Du côté des chiffres, la gendarmerie a enregistré 1 846 délits en 2025, soit une hausse de 6,4 % sur un an. Les atteintes aux personnes ont progressé de 30 %, avec 855 faits recensés. Les atteintes aux biens ont en revanche reculé de 11 % et les cambriolages de 22 %.
Le narcotrafic s'impose comme une priorité. Des opérations conjointes entre la gendarmerie et la police municipale se poursuivent dans les quartiers de Bras-Fusil, Fragrance et Europe, où des opérations anti-bandes sont régulièrement organisées. Les violences urbaines, elles, ne figurent plus parmi les principales préoccupations signalées par les forces de l'ordre.
La prévention de la délinquance des mineurs reste un axe central. Le CLSPD a abordé les situations de décrochage scolaire, d'errance et de marginalisation. Patrice Selly a rappelé que des dispositifs pouvaient être mobilisés à l'encontre de familles jugées défaillantes en cas de troubles répétés à l'ordre public.
Côté effectifs, quatre policiers municipaux ont été recrutés en 2025 : la police municipale compte désormais 20 agents. Un service de médiation sociale a par ailleurs été créé, avec six médiateurs et un coordinateur.


6 commentaires
@Alex, bonne question sur les 30 %. Je me la pose aussi. Les chiffres en hausse, des fois ça veut dire que les gens ont arrêté de se taire, pas forcément que c'est pire. On verra dans deux ou trois ans si le CSU change vraiment quelque chose, ou si c'est juste une caméra de plus sur un mur.
Le food truck sur le front de mer à Saint-Pierre c'est pas pareil que Saint-Benoît, mais je suis passée là-bas l'année dernière et je me suis dit que le centre-ville méritait un peu plus de tranquillité. Les médiateurs sociaux ça, j'approuve vraiment. Parce que les caméras c'est bien, mais y'a rien de mieux qu'un vrai domoun qui connaît le quartier et qui va parler aux jeunes directement. Vivement que ça se mette en place pour de bon.
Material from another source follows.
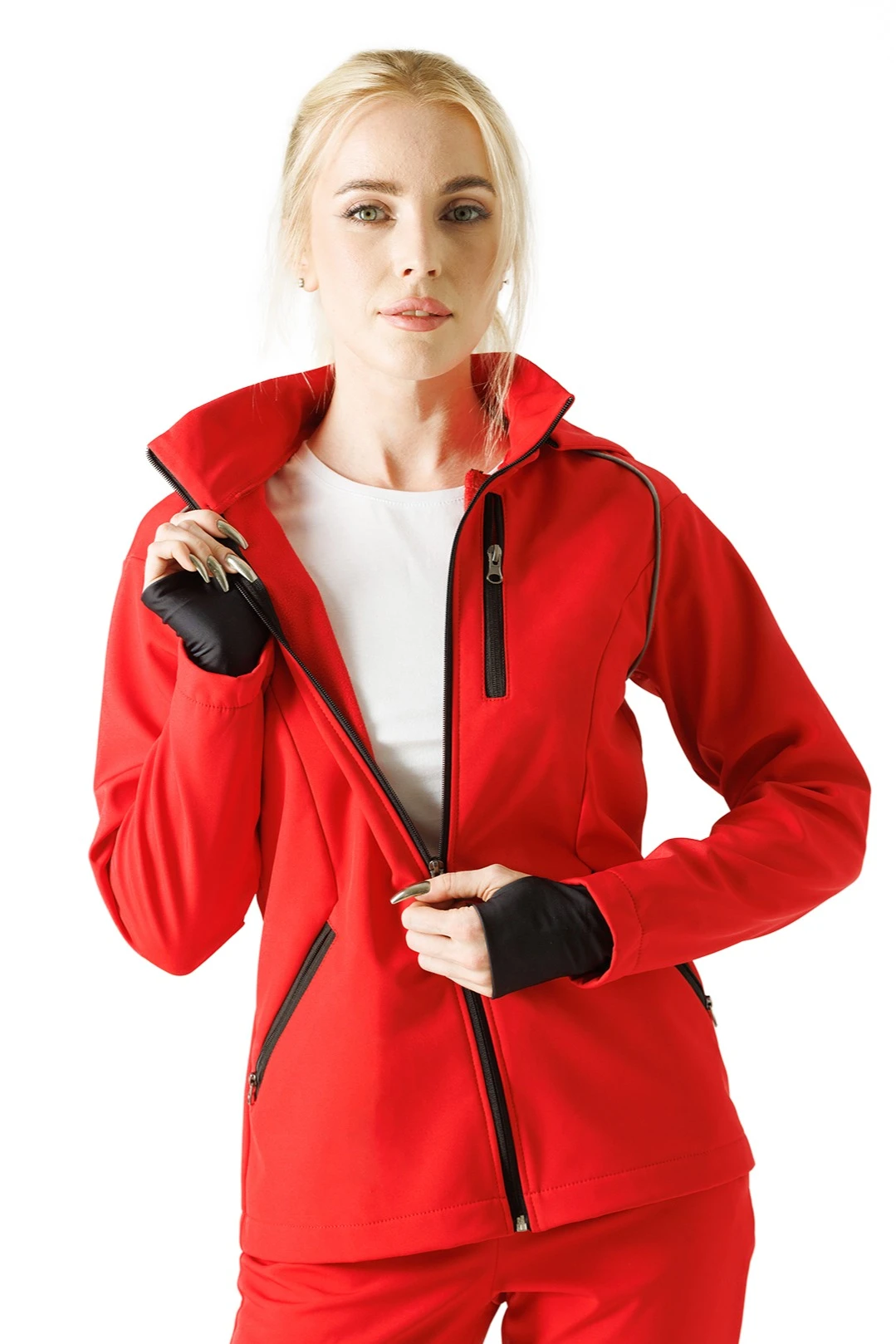 Купить ветровку Форест из софтшелла женскую, однотонную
Quatre policiers municipaux recrutés en 2025 pour arriver à 20 agents sur toute la commune, franchement c'est pas beaucoup vu les chiffres présentés. Je travaille dans une PME de taille modeste et même nous on sait qu'en sous-effectif chronique le personnel tient avec les dents. Ces agents font des horaires décalés, gèrent des situations tendues, et on parle de leur charge de travail nulle part dans ce bilan. Le CSU c'est bien, mais derrière les outils i fo des humains qui tiennent la durée.
Les atteintes aux personnes en hausse de 30 %, c'est un chiffre qui interpelle. Est-ce qu'on a plus de faits réels, ou est-ce qu'on a simplement plus de dépôts de plainte grâce à une meilleure accessibilité des services ? La nuance est importante et l'article ne la pose pas.
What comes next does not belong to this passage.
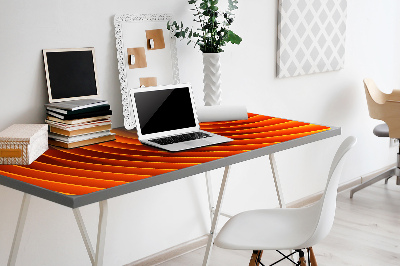 PVC Schreibtischmatte Orangefarbene Wellen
Ce qui retient mon attention dans ce bilan, c'est la mention du décrochage scolaire et de l'errance des mineurs comme axes prioritaires du CLSPD. C'est bien que la sécurité ne soit pas réduite à la seule répression. La création d'un service de médiation sociale avec six médiateurs est encourageante, même si on sait depuis les travaux de Sébastien Roché sur la police de proximité que ces dispositifs demandent du temps avant de produire des effets mesurables. La vraie question reste le lien entre ces médiateurs et les établissements scolaires du secteur.
Douze caméras supplémentaires en 2026, ça va faire du chantier. J'espère qu'ils ont prévu les bons marchés publics en amont parce que quand c'est bâclé côté cahier des charges, c'est nous les artisans qui écopons des retards et des avenants à n'en plus finir. Sur le fond, le CSU c'est utile, mais le problème de Saint-Benoît c'est pas faute de caméras, c'est faute de suite judiciaire derrière.